423 F2d 1295 Williams v. International Typographical Union
423 F.2d 1295
Ralph L. WILLIAMS, Plaintiff-Appellant,
INTERNATIONAL TYPOGRAPHICAL UNION, AFL-CIO, and Denver Typographical Union, a local union of the International Typographical Union — AFL-CIO, Defendants-Appellees.
United States Court of Appeals, Tenth Circuit.
March 19, 1970.
Milnor H. Senior, Denver, Colo., for appellant.
Jack D. Henderson, of Robinson & Henderson, Denver, Colo., for appellees.
Before BREITENSTEIN and HOLLOWAY, Circuit Judges, and CHRISTENSEN, District Judge.

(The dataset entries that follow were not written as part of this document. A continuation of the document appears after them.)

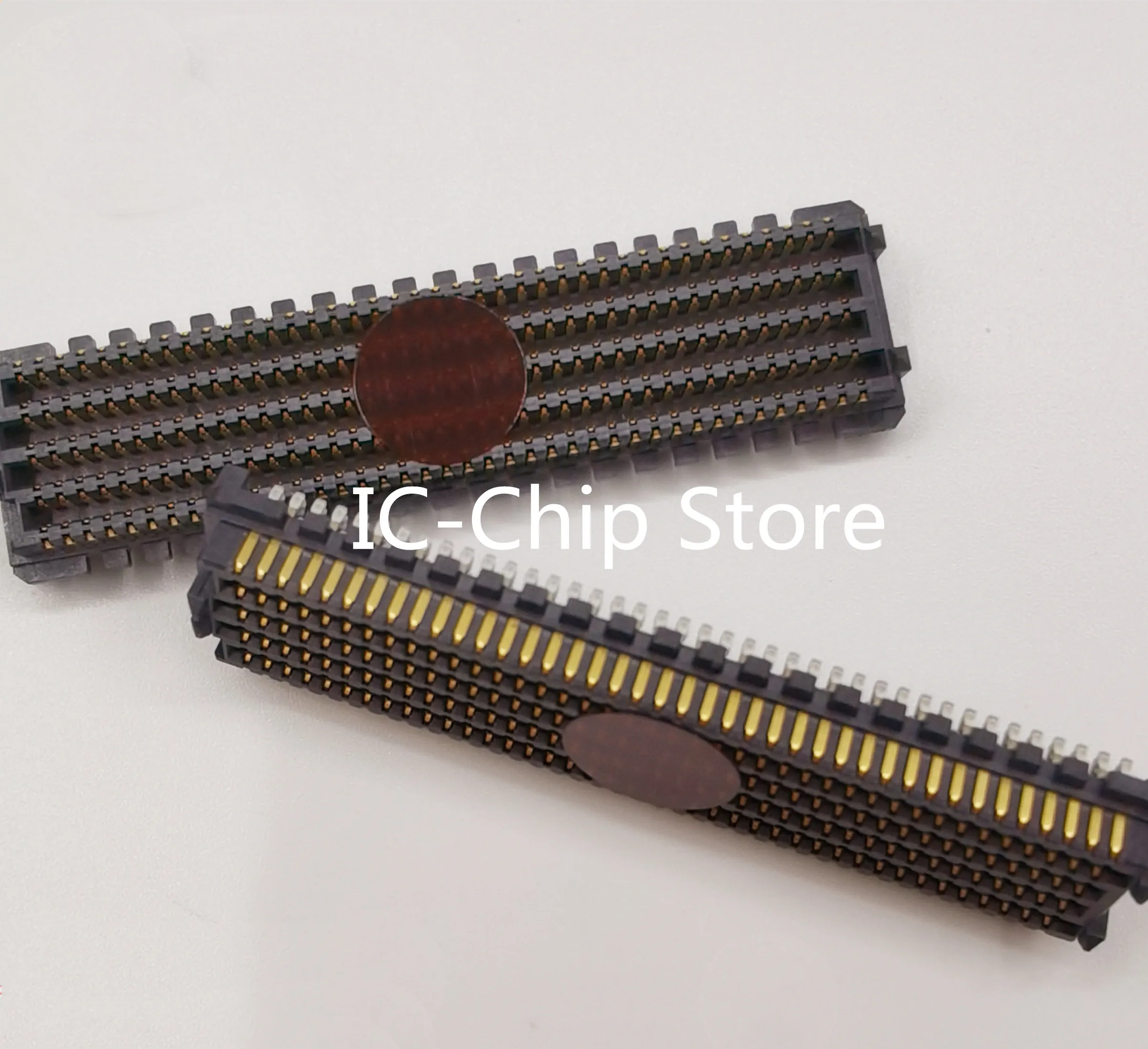 1PCS~10PCS/LOT  ASP-134488-01  1.27mm  400pin  CONN  New original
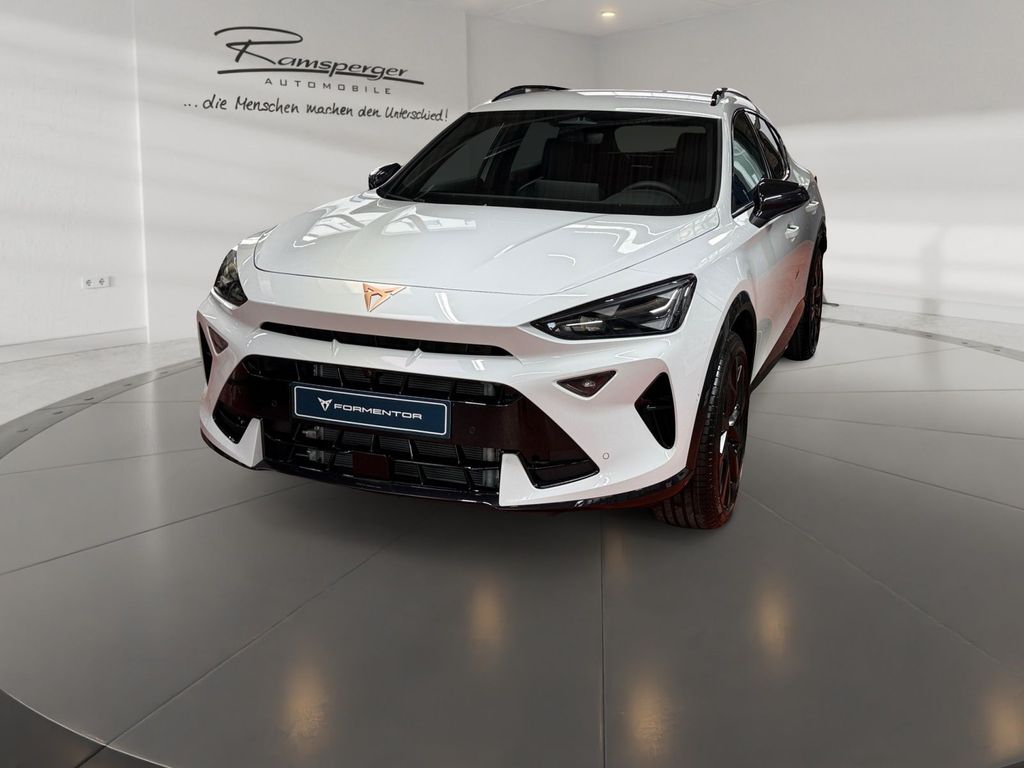 Cupra Formentor 2025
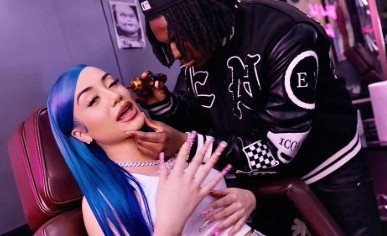 Rella Gz Net Worth: Rising Music Star's Wealth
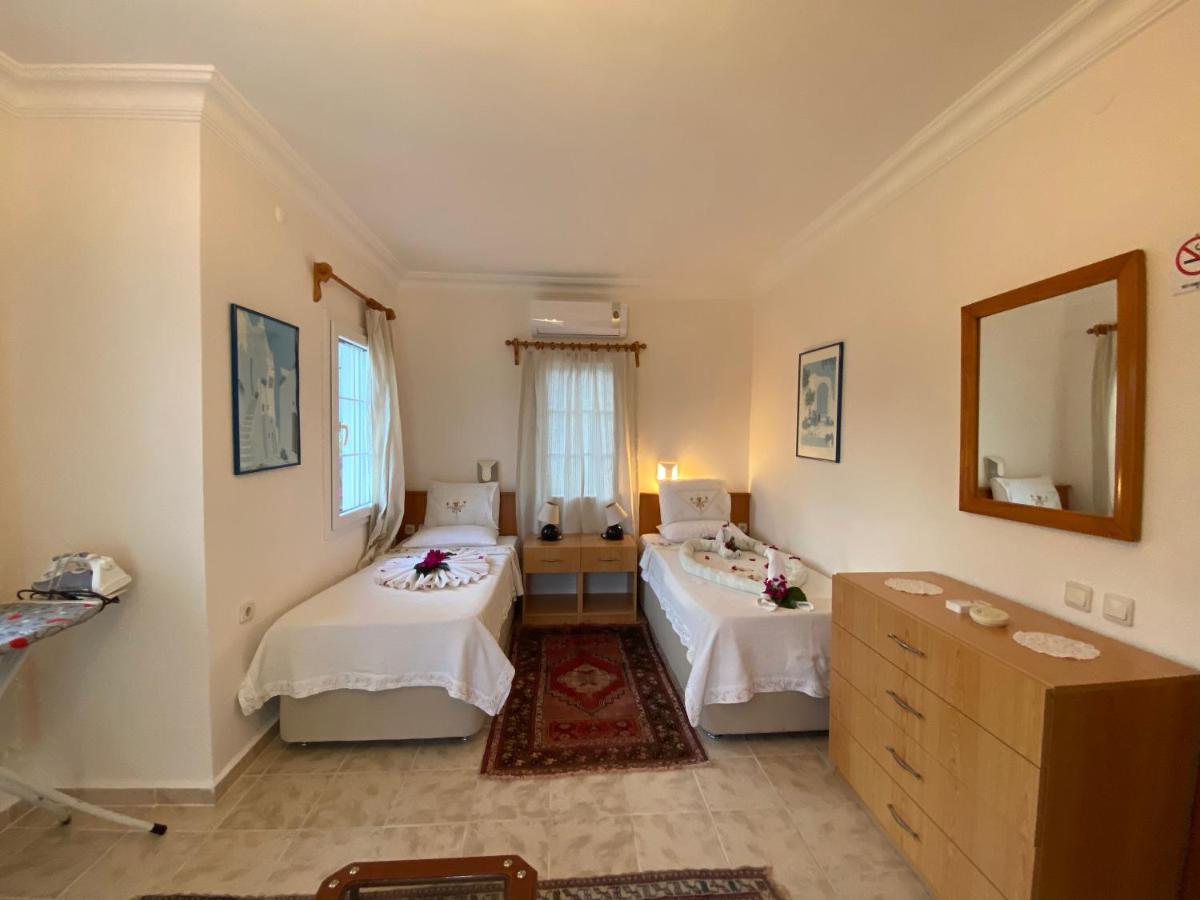 Villa Diana Kalkan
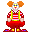 clown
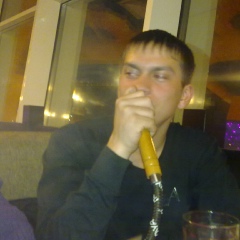 Санёк Петров, 27.10.1993, Ядрин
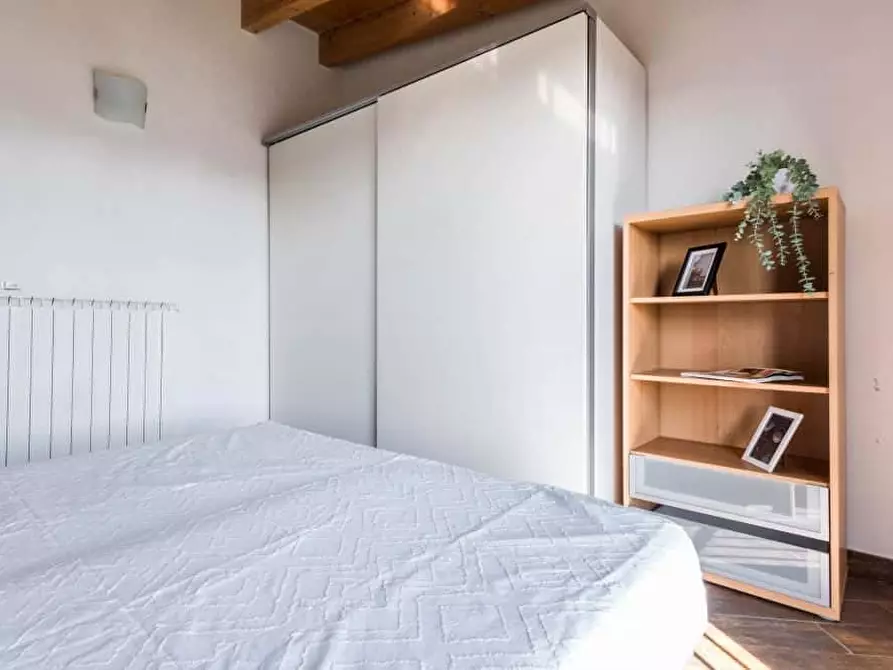 Immagine 16 di Appartamento in affitto  in Via Giovanni Pezzotti44 a Milano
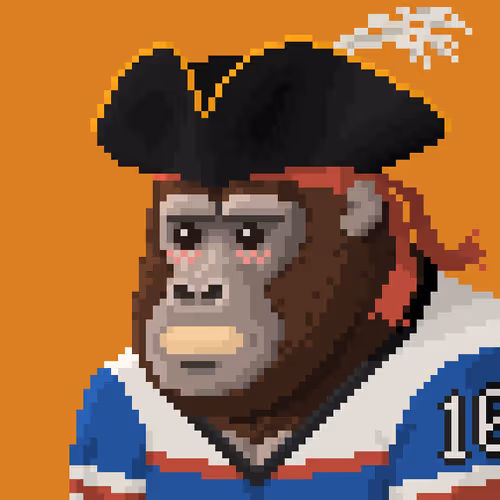 Gorillabytes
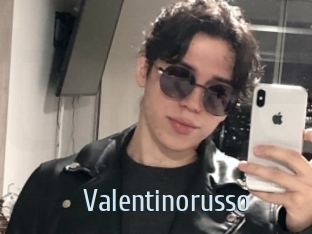 Valentinorusso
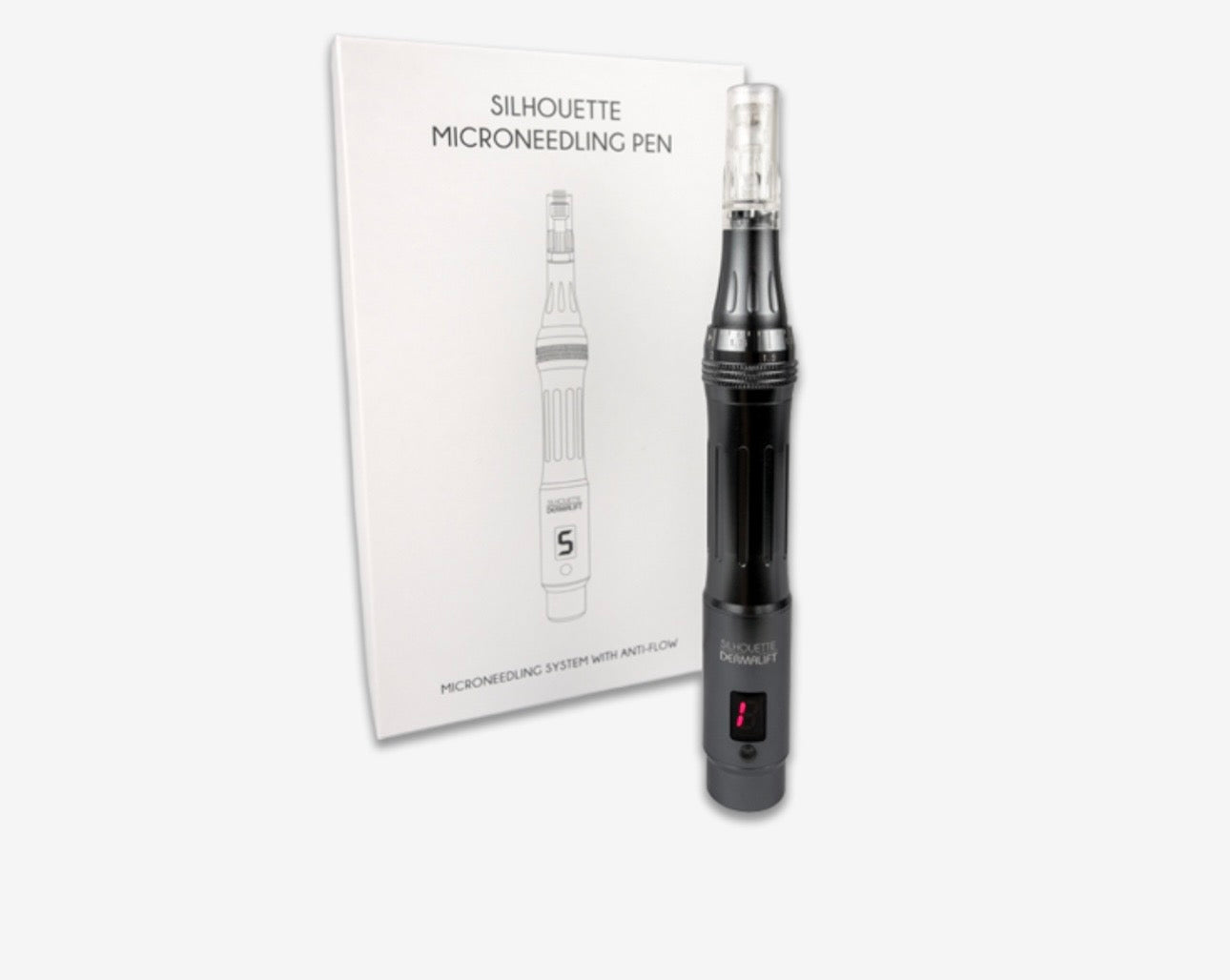 Silhouette Professional Microneedling Pen
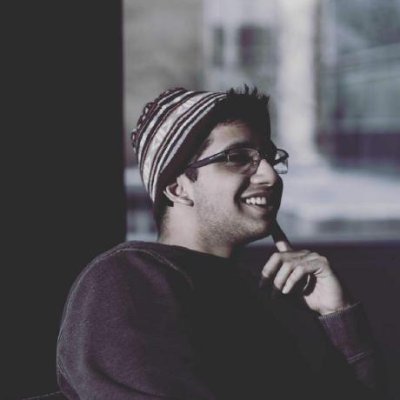 0xh4ckr's profile picture. Software Developer 👾 | New to Game Dev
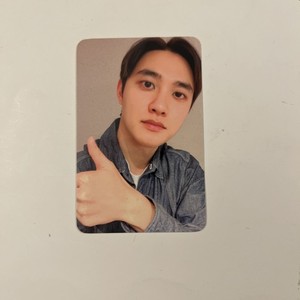 Exo Card | eBay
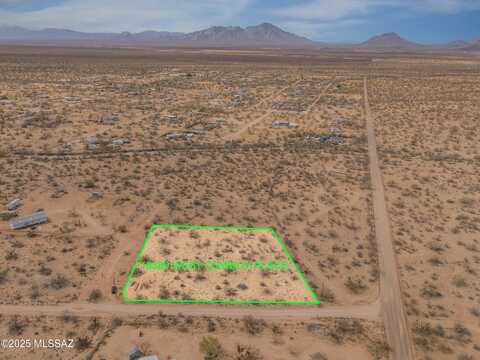 16380 Cowboy Place, Tucson, AZ 85736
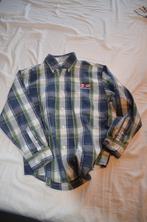 hemd river woods, Ophalen of Verzenden, Zo goed als nieuw, Jongen, Overhemd of Blouse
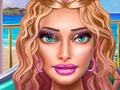 Permainan Injeksi Bibir Ellie secara online
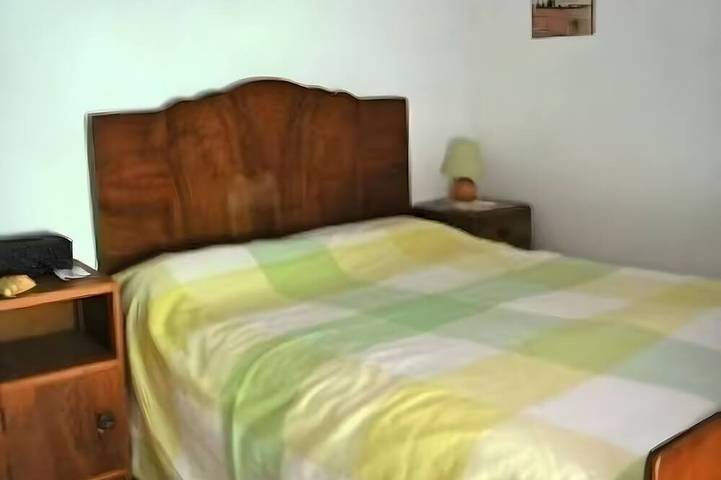 Location de vacances pour 4 personnes, avec balcon et jardin à Autignac - 3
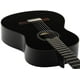 thumbnail image 3 of Guitarra Clásica Yamaha C40BL Color Negro, 3 of 3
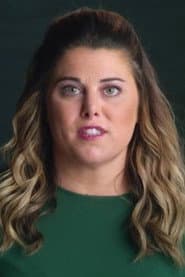 Photo of Amber Lauria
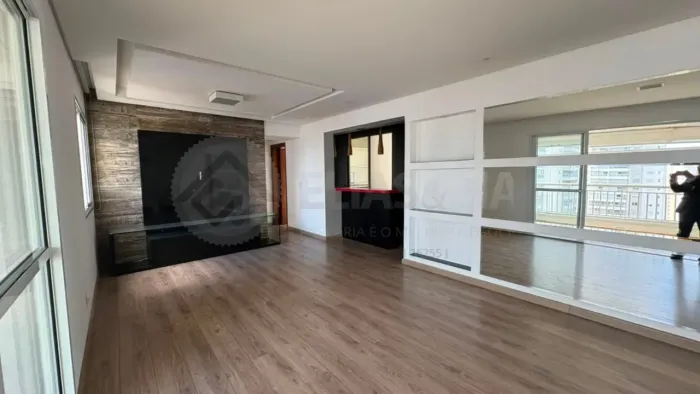 Apartamento á venda com 2 suítes, No Condomínio Anima Clube, no Centro de São Bermardo do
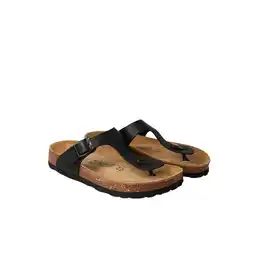 Netto Marken-Discount Neu-B Sandalen RENANIA Zehentrenner Angebot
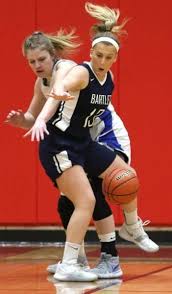 Press Clippings 02/19/2019 ---Kane County Chronicle---02/19/2019 Geneva  High School hosts regional college fair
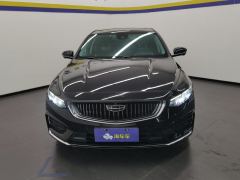 Geely Xingui 2.0TD Premium Version - photo 3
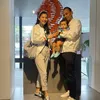 Foto Olivia Zalianty dan Hydro Sang Putra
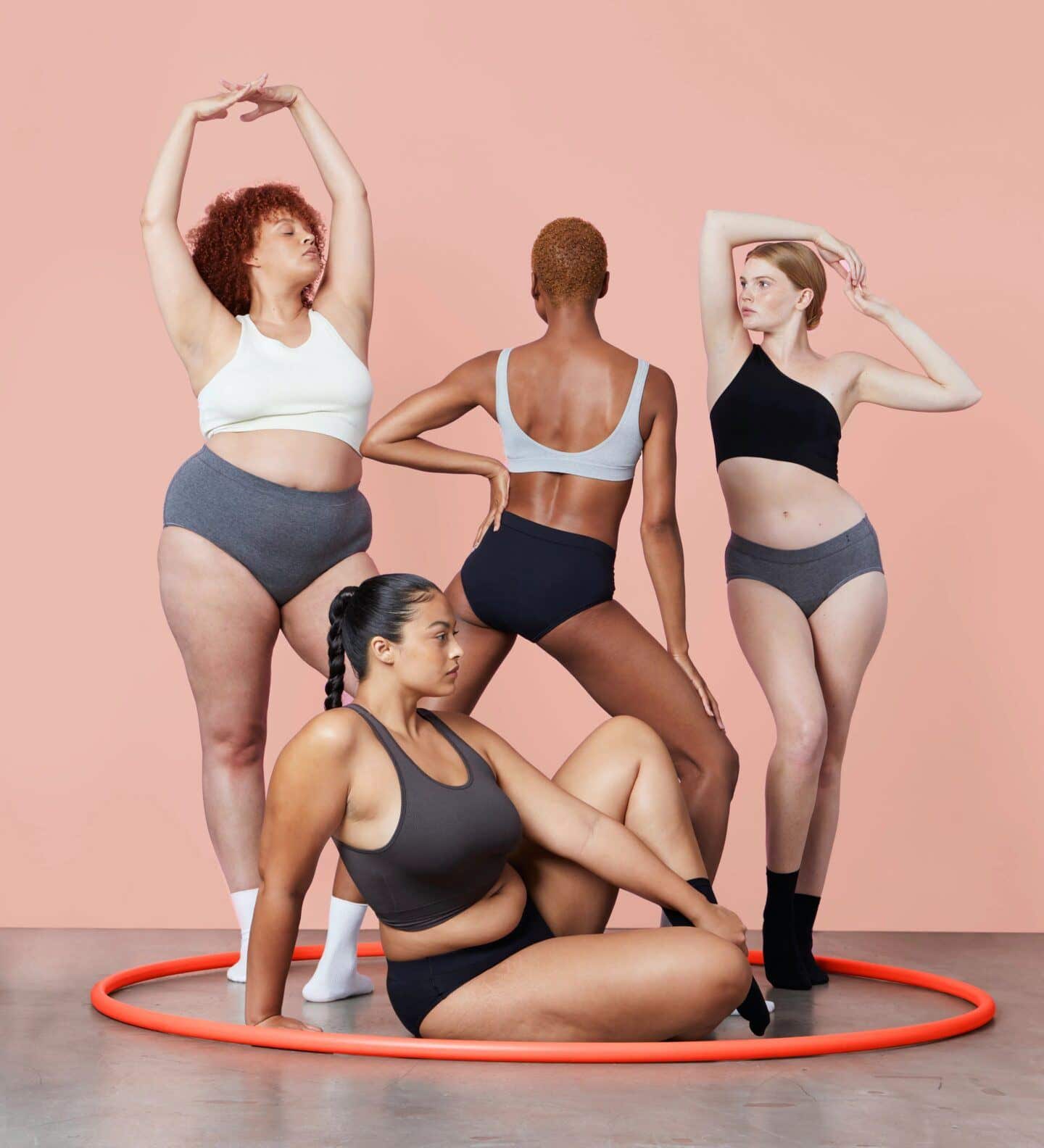 Thinx For All Makes Period Underwear More Accessible (and, 43% OFF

BREITENSTEIN, Circuit Judge.
The plaintiff-appellant claims that he has been denied rights guaranteed to members of labor organizations by Section 101 of the Labor-Management Reporting and Disclosure Act of 1959, 29 U.S.C. § 411. Jurisdiction lies under 29 U.S.C. § 412. The district court held in favor of the Unions and dismissed the action. Williams v. International Typographical Union, D.C.Colo., 293 F.Supp. 1346. The plaintiff's basic complaint is that the 1965 change in his membership classification deprived him of rights guaranteed by the Act.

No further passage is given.